China claims democratically governed Taiwan as its own and has pledged to bring the island under its control, by force if necessary. Despite several military threats and warnings, the people of Taiwan rebuffed China by selecting Lai Ching-te of the Democratic Progressive Party (DPP), which calls for Taiwan's independence. Taiwan says only the island’s people can decide their future.

The US Navy said the destroyer USS John Finn transited through a corridor in the Taiwan Strait that separates China from Taiwan, saying that was "beyond the territorial sea of any coastal state". "US warships and planes have caused trouble and provocation on China's doorstep, and carried out large-scale, high-frequency activities in waters and airspace around China," Chinese Defence Ministry spokesperson Colonel Wu Qian at a briefing.

Wu said China's response in driving away the ship was "justified, reasonable, professional and restrained", adding that the Chinese military will "continue to organise relevant military operations" around the Taiwan Strait on a regular basis as part of its training.

“The United States side should stop abusing international law, cease all dangerous and provocative behaviour, and strictly restrain the activities of front-line troops, which is the fundamental way to avoid accidents at sea and in the air,” he added. China agreed to resume military contacts with the US at a meeting last November between Presidents Joe Biden and Xi Jinping in California.

US support to Taiwan

In part, the argument for doing so was to be able to manage an unintentional collision or other incident that could happen as both sides hold drills and patrol the waters in regional hotspots including the Taiwan Strait and the South China Sea. However, the US defends its actions as in line with international laws that guarantee freedom of navigation.

“No member of the international community should be intimidated or coerced into giving up their rights and freedoms. The United States military flies, sails and operates anywhere international law allows,” the US Navy's 7th Fleet said in a news release on the John Finn's transit of the Strait.

The United States is Taiwan's most important international backer and arms seller despite the lack of formal diplomatic ties.

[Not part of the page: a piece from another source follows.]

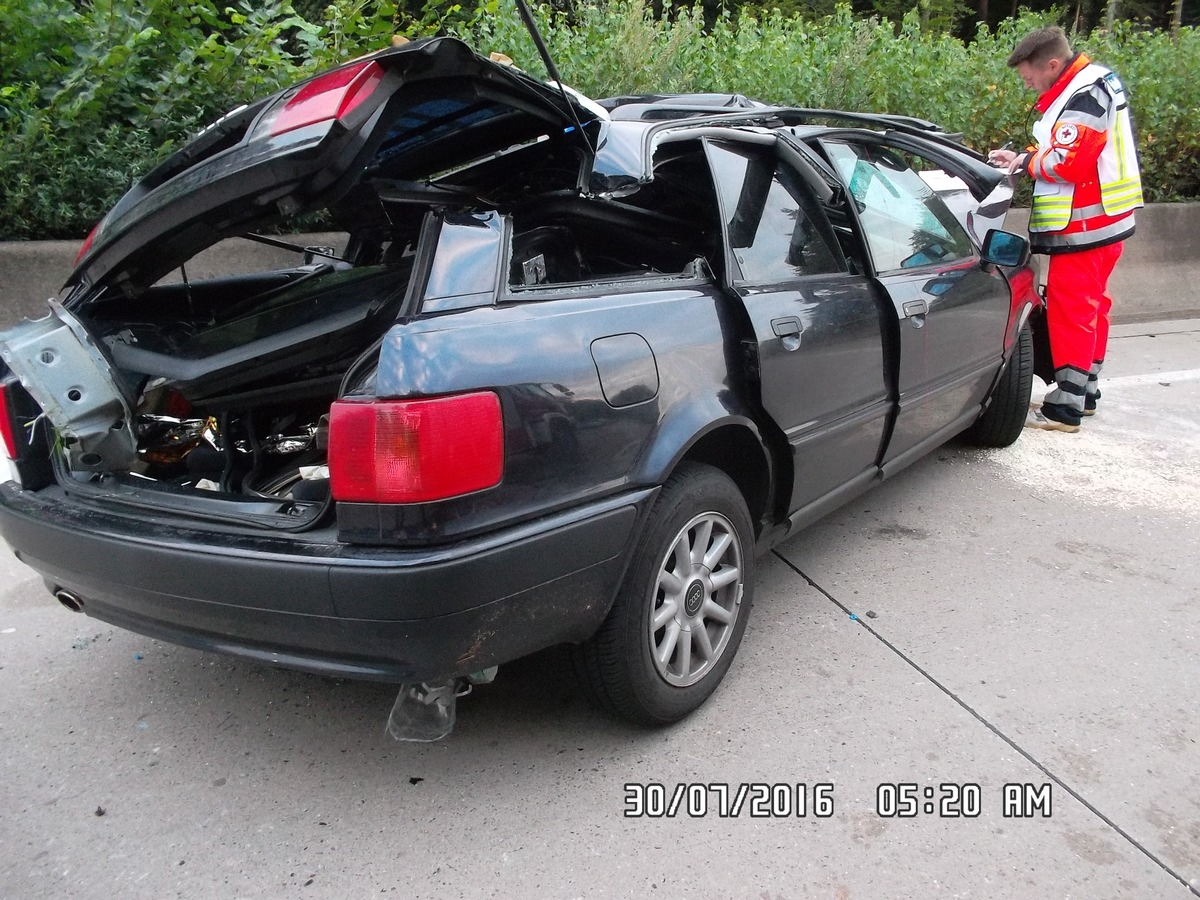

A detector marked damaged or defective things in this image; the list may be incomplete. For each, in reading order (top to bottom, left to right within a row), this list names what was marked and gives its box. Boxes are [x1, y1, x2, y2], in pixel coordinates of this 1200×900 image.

severely damaged car [0, 37, 1040, 732]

China has repeatedly warned the United States to stop its support for Taiwan and the issue is a constant irritant in China-US relations.

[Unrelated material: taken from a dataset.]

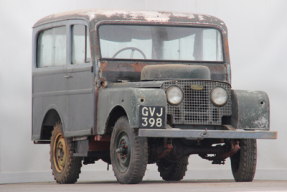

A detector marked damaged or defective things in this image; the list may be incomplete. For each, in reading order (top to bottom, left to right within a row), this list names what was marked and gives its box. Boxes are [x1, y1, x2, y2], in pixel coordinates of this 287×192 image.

rusty car body [31, 9, 276, 184]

This comes after a delegation of US lawmakers visited Taiwan and told the newly-formed government to ‘rest assured’ that they have firm support from Washington during a meeting on Thursday with President-elect Lai Ching-te and President Tsai Ing-wen. Lai expressed hopes that the United States can continue to firmly support Taiwan.

China's military activities

Beijing strongly condemned Lai Ching-te's election and appears set to continue its policy of refusing to engage with the island's government - a practice that's been in place since Tsai Ing-wen's election in 2016. China's campaign of intimidation against Taiwan includes the regular deployment of Chinese warships and planes in waters and airspace around the island, often crossing the middle line of the 160-kilometre-wide Taiwan Strait that divides them. The two split following the seizure of power by Mao Zedong's Communists on the Chinese mainland.

Between Sunday and early Monday morning, four Chinese warplanes and four navy ships, as well as six surveillance balloons, were detected around Taiwan, the Defence Ministry said. Taiwan's military monitored the situation with combat aircraft, navy vessels and land-based missile systems, the ministry said.